● Assigned task
Beginning with the first line below, please repeat the material exactly, ending with the line that includes "a table with".

● Input records
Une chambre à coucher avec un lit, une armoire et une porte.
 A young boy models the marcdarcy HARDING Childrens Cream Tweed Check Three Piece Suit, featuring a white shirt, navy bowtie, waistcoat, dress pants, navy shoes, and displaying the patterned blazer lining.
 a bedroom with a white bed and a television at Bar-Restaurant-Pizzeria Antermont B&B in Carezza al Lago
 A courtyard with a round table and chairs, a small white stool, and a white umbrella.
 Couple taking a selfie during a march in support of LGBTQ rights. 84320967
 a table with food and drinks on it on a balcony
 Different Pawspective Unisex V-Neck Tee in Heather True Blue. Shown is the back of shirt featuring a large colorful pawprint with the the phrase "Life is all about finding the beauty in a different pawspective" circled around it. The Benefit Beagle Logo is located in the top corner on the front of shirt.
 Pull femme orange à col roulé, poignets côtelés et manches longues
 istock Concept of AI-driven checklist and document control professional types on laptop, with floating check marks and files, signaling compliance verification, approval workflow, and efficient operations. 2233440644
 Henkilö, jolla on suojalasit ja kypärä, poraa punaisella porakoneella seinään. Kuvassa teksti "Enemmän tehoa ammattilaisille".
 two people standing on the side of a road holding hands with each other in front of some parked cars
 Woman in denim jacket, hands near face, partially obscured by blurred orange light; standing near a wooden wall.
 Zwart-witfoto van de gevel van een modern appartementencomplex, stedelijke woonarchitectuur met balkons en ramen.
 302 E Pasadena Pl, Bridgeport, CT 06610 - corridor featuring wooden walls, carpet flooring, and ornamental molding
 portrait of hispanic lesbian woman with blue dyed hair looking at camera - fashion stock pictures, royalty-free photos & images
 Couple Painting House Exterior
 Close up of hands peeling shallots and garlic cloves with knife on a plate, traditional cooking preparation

● Expected answer
Une chambre à coucher avec un lit, une armoire et une porte.
 A young boy models the marcdarcy HARDING Childrens Cream Tweed Check Three Piece Suit, featuring a white shirt, navy bowtie, waistcoat, dress pants, navy shoes, and displaying the patterned blazer lining.
 a bedroom with a white bed and a television at Bar-Restaurant-Pizzeria Antermont B&B in Carezza al Lago
 A courtyard with a round table and chairs, a small white stool, and a white umbrella.
 Couple taking a selfie during a march in support of LGBTQ rights. 84320967
 a table with food and drinks on it on a balcony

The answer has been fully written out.